AOS MEUS AMIGOS
AOS MEUS AMIGOS
Amigos queridos: não desejo para ninguém um tempo como o que atravesso, há muito já. Um tempo sem rosto, um tempo de pensamentos, palavras, silêncios e gestos exaustos, sempre a viverem o mesmo, a falarem do mesmo, das mesmas fantasmagorias, dos mesmos sonhos impossíveis de qualquer real, do trabalho que já não há, da família de pouca ou nenhuma solidariedade, dos joelhos tão frágeis, do amor que não tem nem jamais teve o direito de ser presença efetiva, do corpo em sempre castidade obrigatória, da fé que oscila o tempo todo entre o SIM e o NÃO.
Eu me afastei de tudo e de quase todos; eu estou, há muito, quase monja em clausura. Talvez, quando me seja facultado voltar (se ainda me for facultado voltar) ao mundo não encontre ninguém mais à minha espera, talvez não encontre mais ninguém.
Só escrevo para lhes dizer que, ainda que não me acreditem, lhes permaneço fiel, amigos. Decerto já não me pareço com aquela que vocês conheceram um dia, uma pessoa que tinha alegria, confiança, que repartia sua voz, seu canto, sua palavra, suas esperanças como se repartisse o pão de si mesma. Hoje há marcas dolorosas, cicatrizes que qualquer leve arranhão reabre e as faz de novo sangrar, tais cicatrizes. Descobri também que causei muito mal só pelo fato de existir, à vida de algumas pessoas. Descobri que meu destino importa muito pouco para o único ser que teria o dever de ajudar-me a mim e a minha mãe ( minha única família real) e isto talvez tenha sido e seja, cotidianamente, a dor mais funda e irremediável de todas.
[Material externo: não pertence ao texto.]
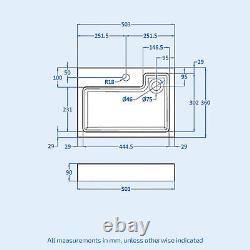 Ellen 500mm Vanity Basin Unit, WC Unit, Cistern & Back To Wall Toilet White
Algumas pessoas me fazem sentir como se eu fosse uma criminosa; ainda bem que o afeto de outras neutraliza a energia pesada que me vem daqueles desafetos. Não sei de crimes meus mas sei, e como, de erros graves, omissões, fracassos, renúncias... e culpas.
Estou escrevendo tudo isso não sei bem porquê. Talvez por hoje estar particularmente aflita já que há uma amiga querida ( sei que há vários mais amigos também) que não se conforma com o meu silêncio e hoje me "assediou" deveras. Ela é muito jovem e não pode, graças a Deus, compreender o que é sentir em si a falência do próprio ser e da própria vida pessoal, a falência da coragem e da vontade, o ter que guardar para si segredos de Outra Natureza, segredos que nem psicanalistas nem psiquiatras poderiam efetivamente compreender e, por esta razão, me poderiam imputar o título de louca sem remissão ou então eu teria que passar, de novo, pela experiência de ser recusada para tratamento porque "como alguém com uma linguagem tão articulada pode estar tão desarticulada quanto se diz?" Parece incrível, mas isso já tive que ouvir, de um especialista. Alguém poderia sugerir: "Por que você não tenta um tratamento espiritual?" Se alguém sugerir tal, até lhe dou razão mas, também resisto a isto, este é um dos temas dos quais não consigo nem posso falar. Outros dirão: "Neste caso, o seu presente "discurso" é um discurso sem saída, só de impasses. Se é assim, por que fazê-lo?" Quem assim pensar, tem toda razão. Realmente, se faço esse discurso "fechado" a conselhos, por que fazê-lo? Talvez para repartir-me, na alguma lucidez que ainda me resta; talvez apenas por isso e isso já é muito. Peço-lhes alguma paciência.
É parar por aqui que, em verdade, ninguém, amigos nem conhecidos têm que perder tempo lendo estas coisas. Deve haver algum caminho ainda, escondido entre os escombros, ou no fundo do meu mar, ou em alguma estrela a persistir, ainda e invisível, em algum céu de mim.
Escrito "de primeira", nesta noite de 18 de outubro de 2010.